The dosage is set at two tablets per day, making the 1,200 baht (27 dollars) monthly cost the cheapest in the world, Thailand's public health ministry said.
It would also slash Thailand's current lowest monthly cost of 2,500 baht for ARVs by more than half.
The GPO aims to increase production to three million tablets per month over the next six months to meet demand, Thongchai said.
He noted the GPO has successfully prescribed cocktails of the three separate drugs for three years to more than 2,000 AIDS patients.
GPO, Bangkok's Mahidol University and the Department of Medical Science in the health ministry are to submit a proposal for GPO-VIR testing on up to 16,000 HIV-AIDS patients, he said.
International group Medecins Sans Frontieres (Doctors Without Borders - MSF) welcomed GPO-VIR's launch and said it was considering buying the drugs for use internationally.
"We have used GPO drugs on hundreds of patients in Thailand and we have no reason to believe there is any problem with the quality of GPO-VIR," said the Thailand director of MSF-France Yorgos Kapranis.

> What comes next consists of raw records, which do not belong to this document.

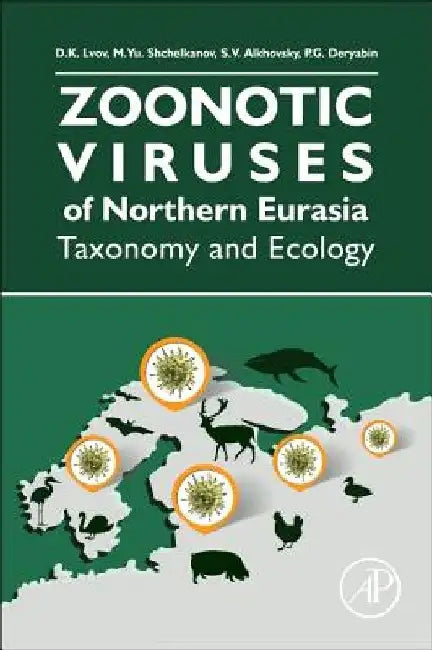 Zoonotic Viruses of Northern Eurasia: Taxonomy and Ecology by Dimitry Konstantinovich Lvov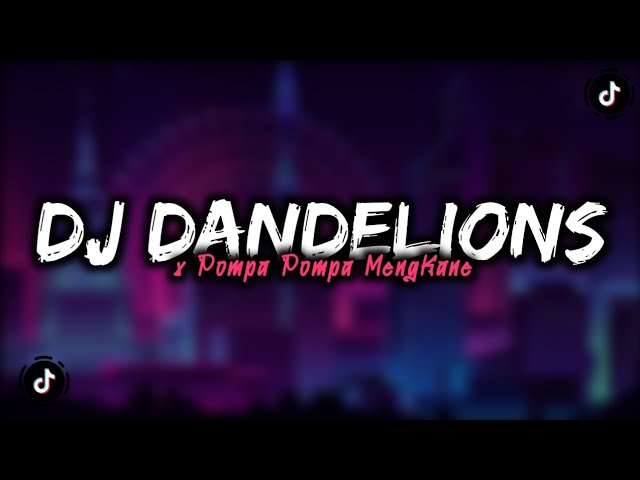 DJ DANDELIONS X POMPA POM MENGKANE YANG LAGI VIRAL TIKTOK class=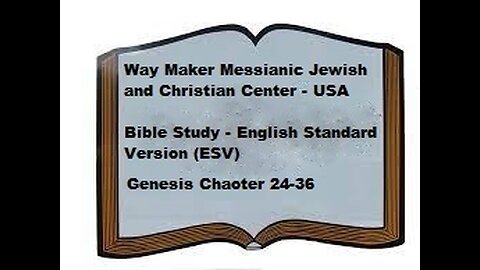 Bible Study - English Standard Version - ESV - Genesis 24-36
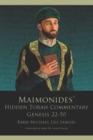 Image for Maimonides&#39; Hidden Torah Commentary -- Volume II - Genesis 22-50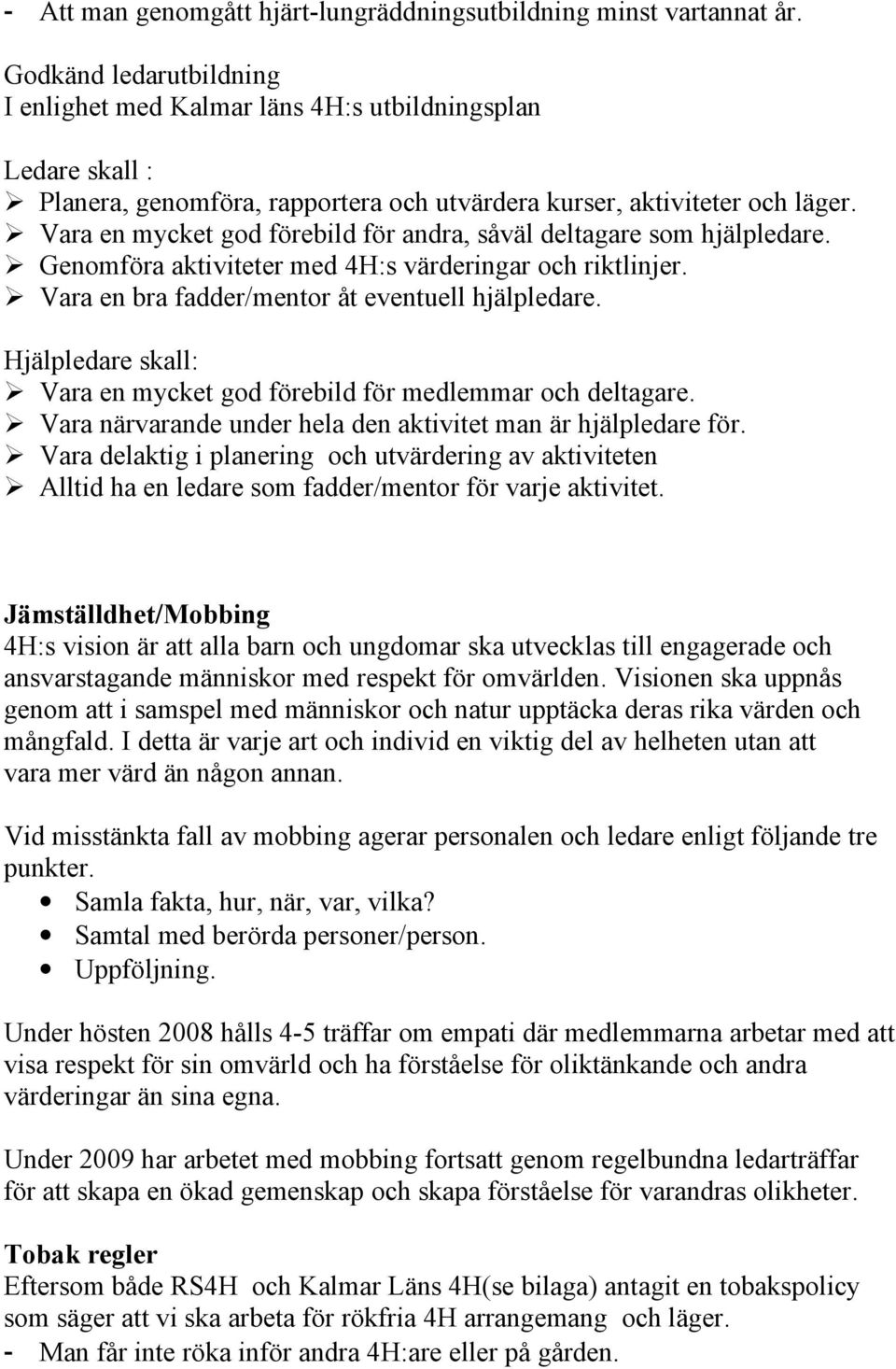 Vara en mycket god förebild för andra, såväl deltagare som hjälpledare. Genomföra aktiviteter med 4H:s värderingar och riktlinjer. Vara en bra fadder/mentor åt eventuell hjälpledare.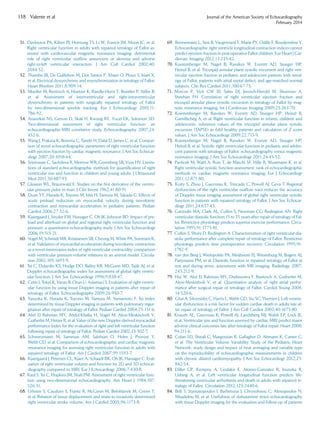 51. Davlouros PA, Kilner PJ, Hornung TS, Li W, Francis JM, Moon JC, et al.
Right ventricular function in adults with repaired tetralogy of Fallot as-
sessed with cardiovascular magnetic resonance imaging: detrimental
role of right ventricular outﬂow aneurysms or akinesia and adverse
right-to-left ventricular interaction. J Am Coll Cardiol 2002;40:
2044-52.
52. Thambo JB, De Guillebon M, Dos Santos P, Xhaet O, Ploux S, Iriart X,
et al. Electrical dyssynchrony and resynchronization in tetralogy of Fallot.
Heart Rhythm 2011;8:909-14.
53. Mueller M, Rentzsch A, Hoetzer K, Raedle-Hurst T, Boettler P, Stiller B,
et al. Assessment of interventricular and right-intraventricular
dyssynchrony in patients with surgically repaired tetralogy of Fallot
by two-dimensional speckle tracking. Eur J Echocardiogr 2010;11:
786-92.
54. Anavekar NS, Gerson D, Skali H, Kwong RY, Yucel EK, Solomon SD.
Two-dimensional assessment of right ventricular function: an
echocardiographic-MRI correlative study. Echocardiography 2007;24:
452-6.
55. Wang J, Prakasa K, Bomma C, Tandri H, Dalal D, James C, et al. Compar-
ison of novel echocardiographic parameters of right ventricular function
with ejection fraction by cardiac magnetic resonance. J Am Soc Echocar-
diogr 2007;20:1058-64.
56. Srinivasan C, Sachdeva R, Morrow WR, Greenberg SB, Vyas HV. Limita-
tions of standard echocardiographic methods for quantiﬁcation of right
ventricular size and function in children and young adults. J Ultrasound
Med 2011;30:487-93.
57. Gleason WL, Braunwald E. Studies on the ﬁrst derivative of the ventric-
ular pressure pulse in man. J Clin Invest 1962;41:80-91.
58. Duan YY, Harada K, Toyono M, Ishii H, Tamura M, Takada G. Effects of
acute preload reduction on myocardial velocity during isovolumic
contraction and myocardial acceleration in pediatric patients. Pediatr
Cardiol 2006;27:32-6.
59. Kjaergaard J, Snyder EM, Hassager C, Oh JK, Johnson BD. Impact of pre-
load and afterload on global and regional right ventricular function and
pressure: a quantitative echocardiography study. J Am Soc Echocardiogr
2006;19:515-21.
60. Vogel M, Schmidt MR, Kristiansen SB, Cheung M, White PA, Sorensen K,
et al. Validation of myocardial acceleration during isovolumic contraction
as a novel noninvasive index of right ventricular contractility: comparison
with ventricular pressure-volume relations in an animal model. Circula-
tion 2002;105:1693-9.
61. Tei C, Dujardin KS, Hodge DO, Bailey KR, McGoon MD, Tajik AJ, et al.
Doppler echocardiographic index for assessment of global right ventric-
ular function. J Am Soc Echocardiogr 1996;9:838-47.
62. Cetin I, Tokel K, Varan B, Orun U, Aslamaci S. Evaluation of right ventric-
ular function by using tissue Doppler imaging in patients after repair of
tetralogy of Fallot. Echocardiography 2009;26:950-7.
63. Yasuoka K, Harada K, Toyono M, Tamura M, Yamamoto F. Tei index
determined by tissue Doppler imaging in patients with pulmonary regur-
gitation after repair of tetralogy of Fallot. Pediatr Cardiol 2004;25:131-6.
64. Abd El Rahman MY, Abdul-Khaliq H, Vogel M, Alexi-Meskischvili V,
Gutberlet M, Hetzer R, et al. Value of the new Doppler-derived myocardial
performance index for the evaluation of right and left ventricular function
following repair of tetralogy of Fallot. Pediatr Cardiol 2002;23:502-7.
65. Schwerzmann M, Samman AM, Salehian O, Holm J, Provost Y,
Webb GD, et al. Comparison of echocardiographic and cardiac magnetic
resonance imaging for assessing right ventricular function in adults with
repaired tetralogy of Fallot. Am J Cardiol 2007;99:1593-7.
66. Kjaergaard J, Petersen CL, Kjaer A, Schaadt BK, Oh JK, Hassager C. Eval-
uation of right ventricular volume and function by 2D and 3D echocar-
diography compared to MRI. Eur J Echocardiogr 2006;7:430-8.
67. Kaul S, Tei C, Hopkins JM, Shah PM. Assessment of right ventricular func-
tion using two-dimensional echocardiography. Am Heart J 1984;107:
526-31.
68. Urheim S, Cauduro S, Frantz R, McGoon M, Belohlavek M, Green T,
et al. Relation of tissue displacement and strain to invasively determined
right ventricular stroke volume. Am J Cardiol 2005;96:1173-8.
69. Bonnemains L, Stos B, Vaugrenard T, Marie PY, Odille F, Boudjemline Y.
Echocardiographic right ventricle longitudinal contraction indices cannot
predict ejection fraction in post-operative Fallot children. Eur Heart J Car-
diovasc Imaging 2012;13:235-42.
70. Koestenberger M, Nagel B, Ravekes W, Everett AD, Stueger HP,
Heinzl B, et al. Tricuspid annular plane systolic excursion and right ven-
tricular ejection fraction in pediatric and adolescent patients with tetral-
ogy of Fallot, patients with atrial septal defect, and age-matched normal
subjects. Clin Res Cardiol 2011;100:67-75.
71. Morcos P, Vick GW III, Sahn DJ, Jerosch-Herold M, Shurman A,
Sheehan FH. Correlation of right ventricular ejection fraction and
tricuspid annular plane systolic excursion in tetralogy of Fallot by mag-
netic resonance imaging. Int J Cardiovasc Imaging 2009;25:263-70.
72. Koestenberger M, Ravekes W, Everett AD, Stueger HP, Heinzl B,
Gamillscheg A, et al. Right ventricular function in infants, children and
adolescents: reference values of the tricuspid annular plane systolic
excursion (TAPSE) in 640 healthy patients and calculation of Z score
values. J Am Soc Echocardiogr 2009;22:715-9.
73. Koestenberger M, Nagel B, Ravekes W, Everett AD, Stueger HP,
Heinzl B, et al. Systolic right ventricular function in pediatric and adoles-
cent patients with tetralogy of Fallot: echocardiography versus magnetic
resonance imaging. J Am Soc Echocardiogr 2011;24:45-52.
74. Pavlicek M, Wahl A, Rutz T, de Marchi SF, Hille R, Wustmann K, et al.
Right ventricular systolic function assessment: rank of echocardiographic
methods vs. cardiac magnetic resonance imaging. Eur J Echocardiogr
2011;12:871-80.
75. Kutty S, Zhou J, Gauvreau K, Trincado C, Powell AJ, Geva T. Regional
dysfunction of the right ventricular outﬂow tract reduces the accuracy
of Doppler tissue imaging assessment of global right ventricular systolic
function in patients with repaired tetralogy of Fallot. J Am Soc Echocar-
diogr 2011;24:637-43.
76. Gatzoulis MA, Clark AL, Cullen S, Newman CG, Redington AN. Right
ventricular diastolic function 15 to 35 years after repair of tetralogy of Fal-
lot. Restrictive physiology predicts superior exercise performance. Circu-
lation 1995;91:1775-81.
77. Cullen S, Shore D, Redington A. Characterization of right ventricular dia-
stolic performance after complete repair of tetralogy of Fallot. Restrictive
physiology predicts slow postoperative recovery. Circulation 1995;91:
1782-9.
78. van den Berg J, Wielopolski PA, Meijboom FJ, Witsenburg M, Bogers AJ,
Pattynama PM, et al. Diastolic function in repaired tetralogy of Fallot at
rest and during stress: assessment with MR imaging. Radiology 2007;
243:212-9.
79. Hui W, Abd El Rahman MY, Dsebissowa F, Rentzsch A, Gutberlet M,
Alexi-Meskishvili V, et al. Quantitative analysis of right atrial perfor-
mance after surgical repair of tetralogy of Fallot. Cardiol Young 2004;
14:520-6.
80. Ghai A, Silversides C, Harris L, Webb GD, Siu SC, Therrien J. Left ventric-
ular dysfunction is a risk factor for sudden cardiac death in adults late af-
ter repair of tetralogy of Fallot. J Am Coll Cardiol 2002;40:1675-80.
81. Knauth AL, Gauvreau K, Powell AJ, Landzberg MJ, Walsh EP, Lock JE,
et al. Ventricular size and function assessed by cardiac MRI predict major
adverse clinical outcomes late after tetralogy of Fallot repair. Heart 2008;
94:211-6.
82. Colan SD, Shirali G, Margossian R, Gallagher D, Altmann K, Canter C,
et al. The Ventricular Volume Variability Study of the Pediatric Heart
Network: study design and impact of beat averaging and variable type
on the reproducibility of echocardiographic measurements in children
with chronic dilated cardiomyopathy. J Am Soc Echocardiogr 2012;25:
842-54.
83. Diller GP, Kempny A, Liodakis E, Alonso-Gonzalez R, Inuzuka R,
Uebing A, et al. Left ventricular longitudinal function predicts life-
threatening ventricular arrhythmia and death in adults with repaired te-
tralogy of Fallot. Circulation 2012;125:2440-6.
84. Brili S, Stamatopoulos I, Barbetseas J, Chrysohoou C, Alexopoulos N,
Misailidou M, et al. Usefulness of dobutamine stress echocardiography
with tissue Doppler imaging for the evaluation and follow-up of patients
138 Valente et al Journal of the American Society of Echocardiography
February 2014
 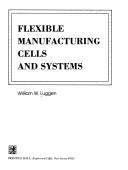 Flexible manufacturing cells and systems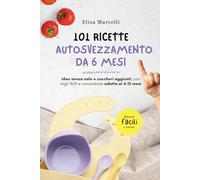 101 Ricette Autosvezzamento da 6 mesi: Ricette senza sale e zuccheri aggiunti con tagli BLW e consistenze per 6-12 mesi: primi assaggi, verdure, ... proteine tenere, porridge, pancakes e muffin
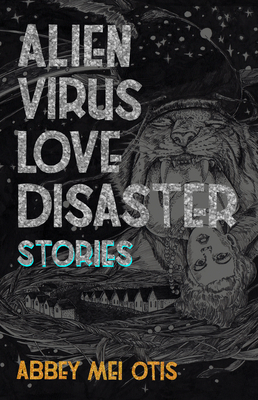Alien Virus Love Disaster: Stories By Abbey Mei Otis Cover Image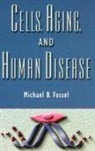 Michael Fossel, Michael B Fossel, Michael B. Fossel, Michael B. (Clinical Professor of Medicine Fossel, Fossel Michael B. - Cells, Aging, and Human Disease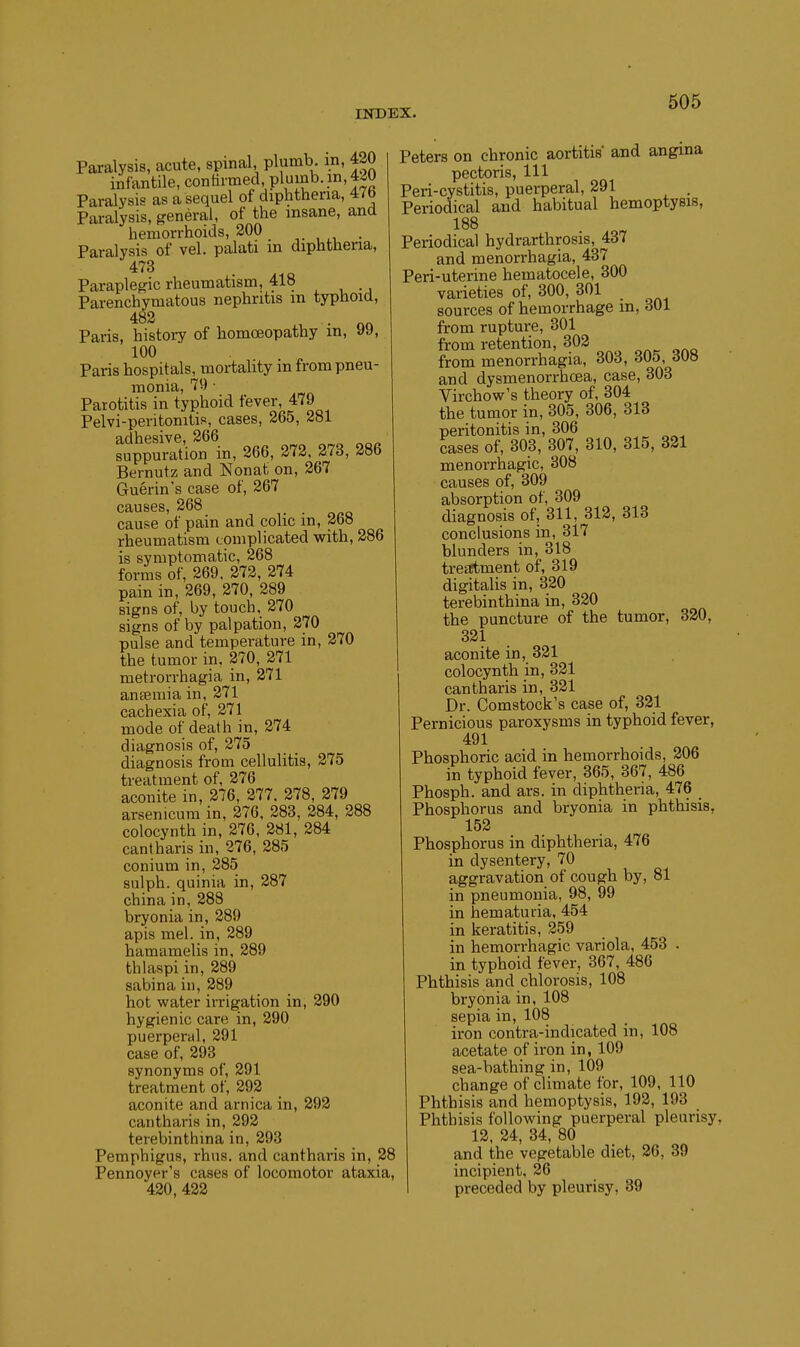 Paralysis, acute, spinal, plumb, in, 420 infantile, contiimed plumb, in, 420 Paralysis as a sequel of diphtheria, 47b Paralysis, general, of the insane, and hemorrhoids, 200 . Paralysis of vel. palati in diphtheria, 473 Paraplegic rheumatism, 418 Parenchymatous nephritis m typhoid, 482 Paris, history of homoeopathy in, 99, 100 Paris hospitals, mortality m from pneu- monia, 79 • Parotitis in typhoid fever, 479 Pelvi-peritonitis, cases, 265, 281 adhesive, 266 suppuration in, 266, 272. 273, 286 Bernutz and Nonat on, 267 Guerin's case of, 267 causes, 268 _ cause of pain and colic m, 268 rheumatism complicated with, 286 is symptomatic, 268 forms of, 269. 272, 274 pain in, 269, 270, 289 signs of, by touch, 270 signs of by palpation, 270 pulse and temperature in, 270 the tumor in, 270, 271 metrorrhagia in, 271 antemia in, 271 cachexia of, 371 mode of death in, 274 diagnosis of, 275 diagnosis from cellulitis, 275 treatment of, 276 aconite in, 276, 277. 278, 379 arsenicum in, 376, 283, 284, 288 colocynth in, 376, 281, 284 cantharis in, 276, 285 conium in, 285 sulph. quinia in, 287 china in, 288 bryonia in, 389 apis mel. in, 289 hamamelis in, 289 thlaspi in, 289 sabina in, 289 hot water irrigation in, 290 hygienic care in, 390 puerperal, 391 case of, 393 synonyms of, 391 treatment of, 292 aconite and arnica in, 292 cantharis in, 292 terebinthina in, 393 Pemphigus, rhus. and cantharis in, 28 Pennoyer's cases of locomotor ataxia, 430, 432 Peters on chronic aortitis' and angina pectoris, 111 Peri-cystitis, puerperal, 291 . Periodical and habitual hemoptysis, 188 Periodical hydrarthrosis, 437 and menorrhagia, 437 Peri-uterine hematocele, 300 varieties of, 300, 301 sources of hemorrhage in, 301 from rupture, 301 from retention, 302 from menorrhagia, 303, 305, 308 and dysmenorrhoea, case, 303 Virchow's theory of, 304 the tumor in, 305, 306, 318 peritonitis in, 306 cases of, 303, 307, 310, 315, 321 menorrhagic, 308 causes of, 309 absorption of, 309 diagnosis of, 311, 313, 313 conclusions in, 317 blunders in, 318 tre^etment of, 319 digitalis in, 330 terebinthina in, 330 the puncture of the tumor, 320, 321 aconite in, 321 colocynth in, 321 cantharis in, 321 Dr. Comstock's case of, 321 Pernicious paroxysms in typhoid fever, 491 Phosphoric acid in hemorrhoids, 206 in typhoid fever, 365, 367, 486 Phosph. and ars. in diphtheria, 476 Phosphorus and bryonia in phthisis, 152 Phosphorus in diphtheria, 476 in dysentery, 70 aggravation of cough by, 81 in pneumonia, 98, 99 in hematuria, 454 in keratitis, 359 in hemorrhagic variola, 453 . in typhoid fever, 367, 486 Phthisis and chlorosis, 108 bryonia in, 108 sepia in, 108 iron contra-indicated in, 108 acetate of iron in, 109 sea-bathing in, 109 change of climate for, 109, 110 Phthisis and hemoptysis, 193, 193 Phthisis following puerperal pleurisy, 13. 34, 34, 80 and the vegetable diet, 26, 39 incipient, 26 preceded by pleurisy, 39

"Thailand is the only country in Southeast Asia that is producing affordable generic drugs for AIDS patients," he added.
Thai AIDS activists also voiced their approval.
"This launching of the cocktail pill is a benefit on personal and national levels," said Nimit Tien-udom, director of the AIDS Access Foundation.
A previous Thai concoction touted as a "miracle cure" for AIDS, V-1 Immunitor, was distributed last year to thousands of HIV patients in Thailand before it was declared ineffective by the ministry of health.
Distribution of V-1 Immunitor touched off a storm of controversy among AIDS activists and health officials.
Public Health Minister Sudarat Keyuraphan said in a statement the success of GPO-VIR could reduce expenses for some 695,000 Thai HIV-AIDS patients, some of whom have been paying up to 20,000 baht (460 dollars) monthly for drugs.
An estimated one million of Thailand's 60 million people have been infected with HIV, and one third of those have already died.
More than 180,000 Thais contracted HIV last year and some 68,000 developed full-blown AIDS, according to the health ministry's AIDS division.
Thailand's vocal AIDS activists have long pressed the government for anti-retroviral drugs and HIV treatment to be included in a public health care scheme which allows patients to pay just 30 baht per hospital visit.